How do you sleep? It’s a question that has long inspired artists. John Lennon unleashed a famous broadside of that name against Paul McCartney following the rancorous dissolution of The Beatles: “The only thing you done was yesterday/And since you’ve gone you’re just another day”.
For the Stone Roses it was a furious howl at music industry manipulators: “I’ve seen your severed head/at a banquet for the dead”.

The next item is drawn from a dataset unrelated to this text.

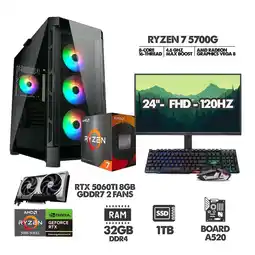 Falabella PC GAMER RYZEN 7 5700G - 32GB RAM - SSD 1TB - RTX 5060TI 8GB + MONITOR 24 120HZ oferta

Sam Smith, who has a song with the title on his forthcoming album, is merely the latest.
Painters and sculptors have been obsessed with the sleeping form through the ages, from Botticelli to Lucian Freud, from Canova to Louise Bourgeois. Dreams and their meanings are a commonplace – if usually tedious – trope in literature, as authors excavate the unconscious mind.
Everyone I know is currently talking about sleep a lot. During this Covid-19 crisis there’s either too much of it or not enough. How are you sleeping, we ask. Friends working from home conk out on the couch most afternoons, groggily waking to the early-evening gloaming.
Others struggle to close their eyes at night, or manage only a few hours of broken rest, and then must drowsily navigate their way through the trials of a new day. Still others see no real reason to get out of bed in the morning. For most, the fabled eight-hour stretch that supposedly leaves us healthier, happier and more productive is an unattainable, retreating continent.
Given sleep’s close relationship with mental health it’s no surprise that these peculiar times are unconducive to rest. “A ruffled mind makes a restless pillow,” said Charlotte Bronte. For me, the assassins of my slumber tend to be lingering problems that lack an obvious resolution or endpoint. Covid is the Villanelle of unresolved crises. Anxieties about money and work, family and friends, and perhaps even the peripheral, grating whine of national and international uncertainties, of Brexit and Trump, affect us too.
Smart people are getting very rich from all this – Big Sleep, as we shall unavoidably call the industry. The global sleep-aid business is worth something like £60 billion a year, taking in bestselling books and TV programmes, specialist mattresses and pillows, psychologists and therapists and hypnotists, corporate experts, pills to knock you out and pills to wake you up,and now apps that monitor your nightly shut-eye like lunar sentinels – delivering a morning report on how much of your sleep was light and heavy, the span of your REM, the moments you woke up, your blood oxygen saturation… they even award you a sleep score: well dozed, my dude!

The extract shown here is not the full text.